Lógicamente yo creí cada una de sus palabras.

Cuando acabó la transfusión me deprimí al ver que mi padre se levantaba y se marchaba, y volvía a quedarme sola. Pero pasados unos días me bajó la fiebre y se me calmó la tos. Entonces, una mañana volvió a aparecer mi padre, me ordenó que bajara mi flaco cuerpo de la cama y fuera por el pasillo hasta un pequeño vestuario.

—Allí te espera una pequeña sorpresa —me dijo.

Aunque las piernas me temblaban, mi ánimo eufórico me permitió recorrer el pasillo, al final del cual me imaginaba que estarían esperándome mi madre y mis hermanas para darme una sorpresa. Pero al entrar me encontré en un cuarto vacío. Lo único que había era una pequeña maleta de piel. Mi padre asomó la cabeza y me dijo que abriera la maleta y me vistiera rápidamente. Me sentía débil, tenía miedo de caerme y dudaba de tener fuerzas para abrir la maleta. Pero no quería desobedecer a mi padre y tal vez perder la oportunidad de volver a casa con él.

Hice acopio de todas mis fuerzas para abrir la maleta, y allí encontré la mejor sorpresa de mi vida. Estaba mi ropa muy bien dobladita, obra de mi madre, por supuesto, y encima de todo, ¡una muñeca negra! Era el tipo de muñeca negra con que había soñado durante meses. La cogí y me eché a llorar. Jamás antes había tenido una muñeca que fuera sólo mía; nada. No había ni un juguete ni una prenda de ropa que no compartiera con mis hermanas. Pero esa muñeca negra era ciertamente mía, toda mía, claramente distinguible de las muñecas blancas de Eva y de Erika. Me sentí tan feliz que me entraron deseos de bailar, y lo habría hecho si mis piernas me lo hubieran permitido.

Una vez en casa, mi padre me subió en brazos a la habitación y me puso en la cama. Durante las semanas siguientes sólo me aventuraba a salir hasta la cómoda tumbona del balcón, donde me instalaba, con mi preciada muñeca negra en los brazos para calentarme al sol y contemplar admirada los árboles y las flores donde jugaban mis hermanas. Me sentía tan feliz de estar en casa que no me importaba no poder jugar con ellas.
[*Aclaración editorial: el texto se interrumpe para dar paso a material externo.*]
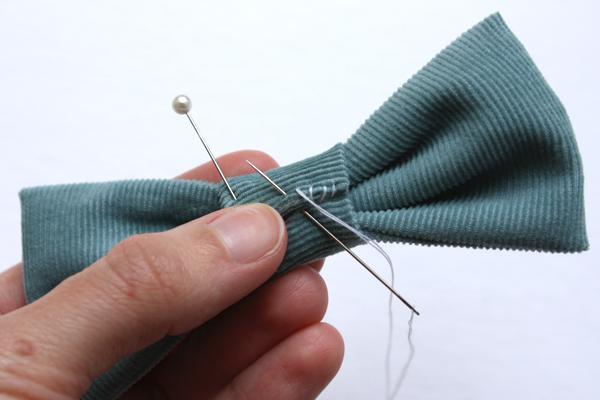 - With a hand needle and thread, stitch the binding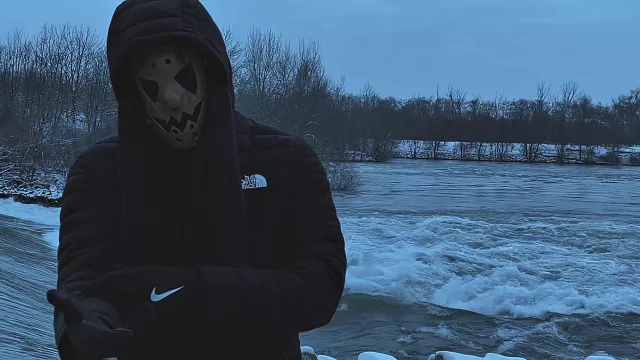 The North Face hooded jacket worn by menace Santana in his music video Skiboy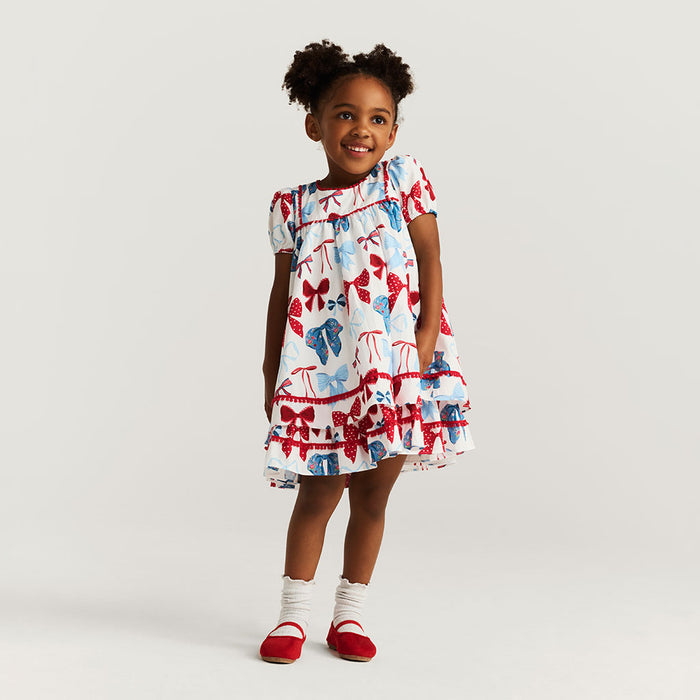 Young girl wearing a colorful dress with a white background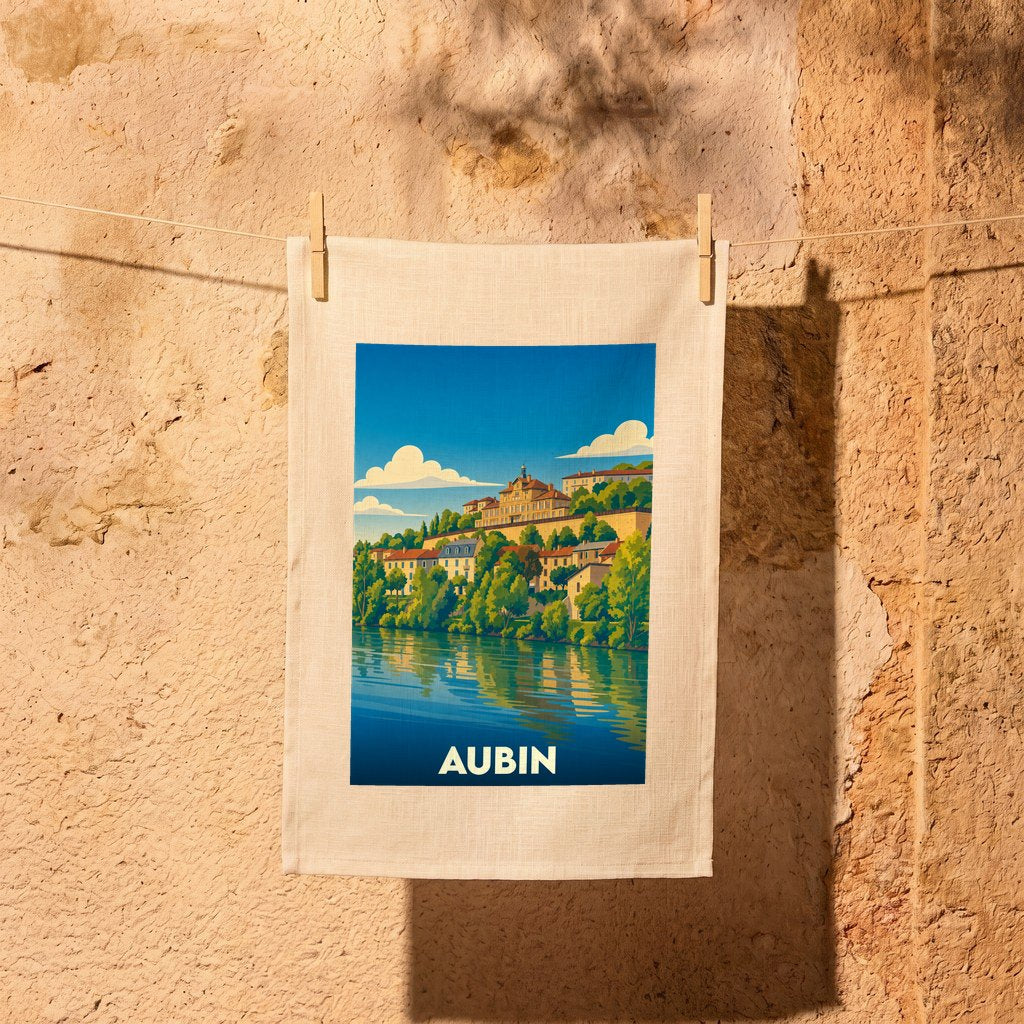 Torchon souvenir de la ville d'Aubin avec une illustration stylisée d'un paysage fluvial.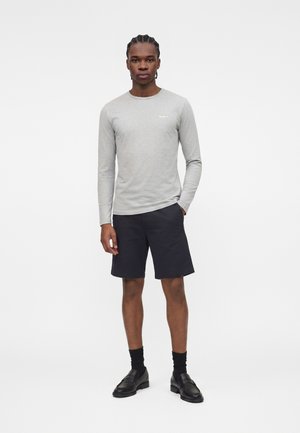 Άνδρας που στέκεται φορώντας ανοιχτό γκρι μακρυμάνικο πουκάμισο, μαύρα σορτς μέχρι το γόνατο, μαύρες κάλτσες και μαύρα loafers σε απλό φόντο.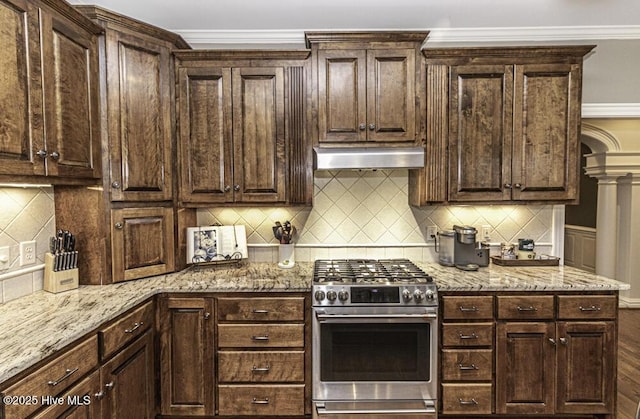 kitchen with dark brown cabinetry, ornate columns, and stainless steel range with gas stovetop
Lamenté perderme el comienzo de las clases, pero un día soleado se presentó en casa mi profesora predilecta, Frau Burkli, con toda la clase. Se reunieron bajo mi balcón y me dieron una serenata entonando mis alegres canciones favoritas. Antes de marcharse, mi profesora me entregó un precioso oso negro lleno de las más deliciosas trufas de chocolate, que devoré a una velocidad récord.
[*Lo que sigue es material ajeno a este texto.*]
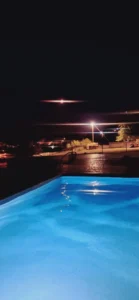 Ατμοσφαιρικό βραδινό μπάνιο στην πλήρως φωτισμένη ιδιωτική πισίνα της βίλας.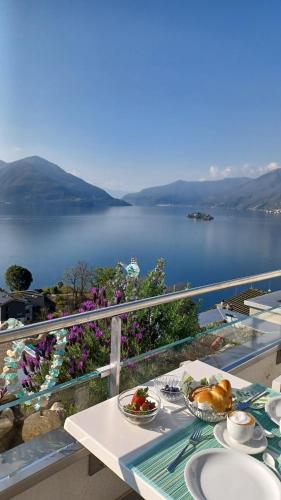 uma mesa com pratos de comida numa varanda com vista para um lago em Sollevante Ascona em Ascona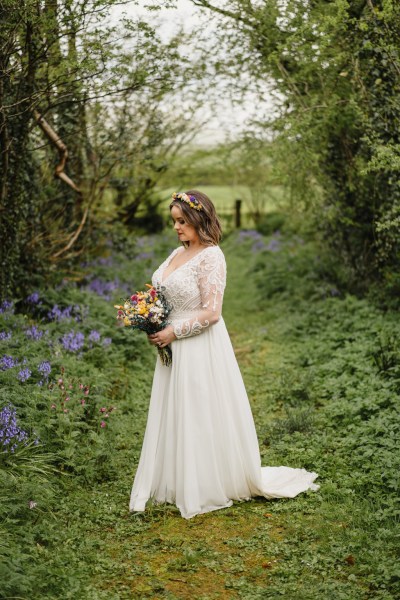 Bride on her own stands on the green grass in forest setting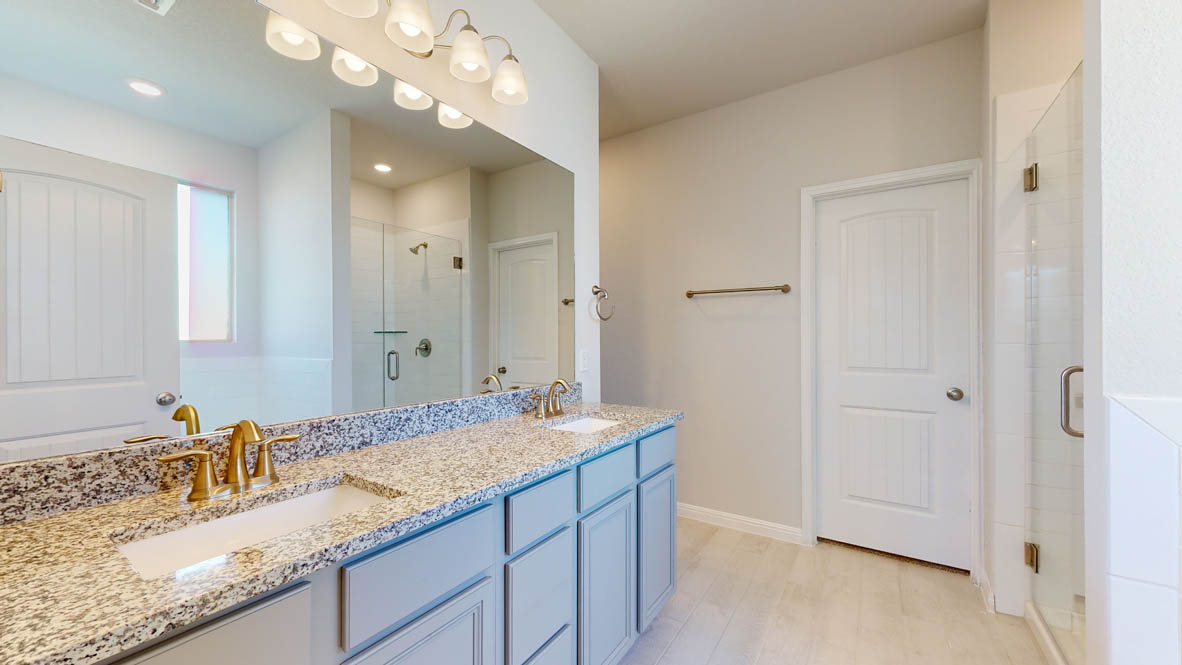 808 Gauge Road Thorndale, TX 76577 - Photo 13 of 31 A well-appointed primary bathroom features dual vanities with granite counters and a spacious glass-enclosed shower.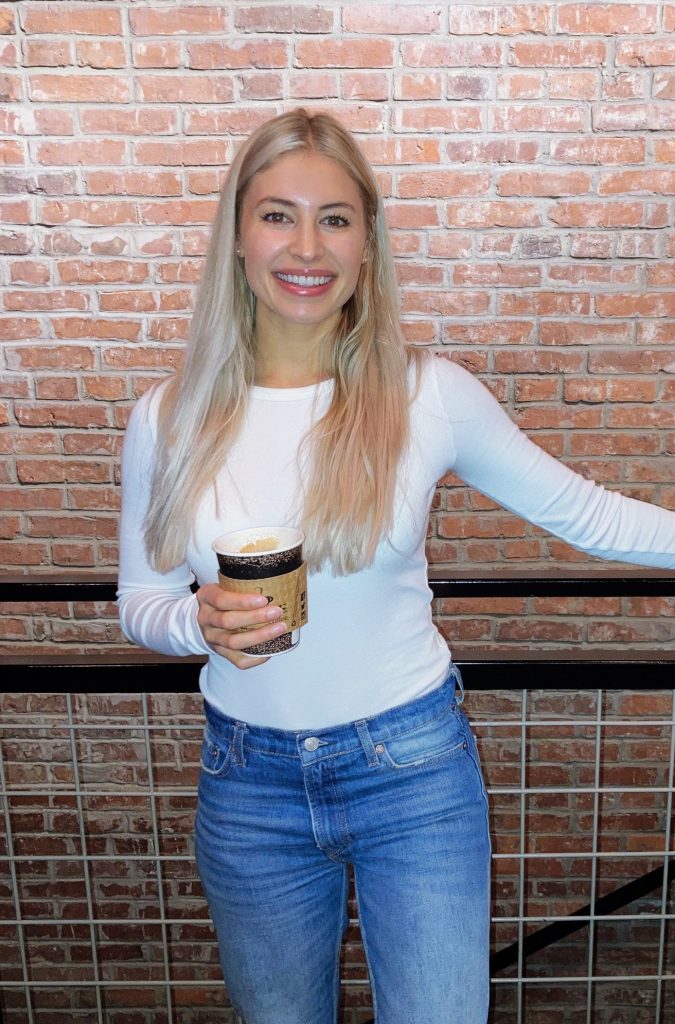 Girl with blonde hair holding coffee cup.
A paso lento pero seguro volví a la normalidad. Como comprendería mucho más adelante, mucho después de haberme convertido en uno de esos médicos de hospital de bata blanca, mi recuperación se debió en gran parte a la mejor medicina del mundo, a los cuidados y el cariño que recibí en casa, y también a no pocos chocolates.